Despite continuous efforts, a conceptual perception on the origin of quasi-two-dimensional electron gas (q-2DEG) in oxide heterostructures remains far from any generalization. Along this perspective, a systematic study identifying systems that exhibit heterointerface conductivity (LaAlO3/SrTiO3) and that do not (LaCrO3/SrTiO3) is undertaken. High quality LaAl1-xCrxO3 (0≤x≤1) films were fabricated on TiO2 terminated SrTiO3 (001) substrates using a pulsed laser deposition technique and its growth was monitored by reflection high energy electron diffraction (RHEED).
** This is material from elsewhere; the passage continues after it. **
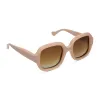 GISELE - NUDE + BROWN GRADIENT + POLARIZED SUNGLASSES sold by Diff Eyewear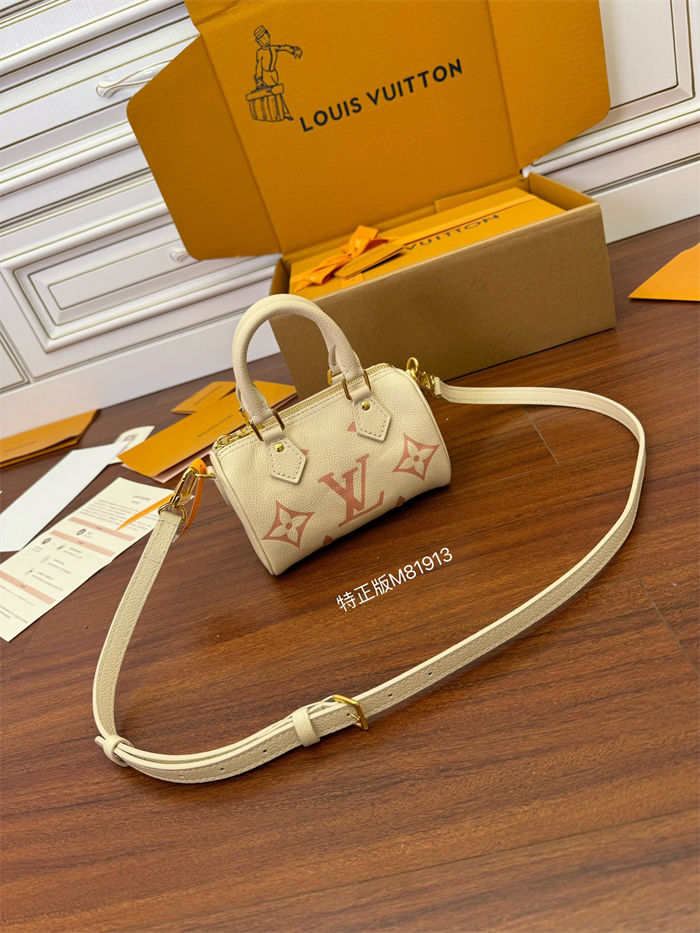 Louis Vuitton NANO SPEEDY Monogram Empreinte Leather M81913 Top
The transport and photoemission spectroscopy experiments reveal that the the origin of heterointerface q-2DEG is associated with Ti3+ states and that it ceases to exist with increasing Cr ion concentration in the overlayer films. Following experimental evidences of the Cr concentration dependent metal-insulator electronic phase transition at the heterointerface, explanation is sought within the realms of a polar catastrophe model. Based on our transport and spectroscopy measurements, we propose that an electronic reconstruction drives the formation of q-2DEG for pristine LAO/STO and Al rich samples due to the formation of Ti3+/Ti4+ mixed valent state, while for heavily doped Cr samples, the required electron count necessary to solve the polar catastrophe instability are trapped in the LaAl1-xCrxO3 overlayers in the Cr 3d states. These trapped electrons in the overlayers are manifested in the form of Cr2+ ions.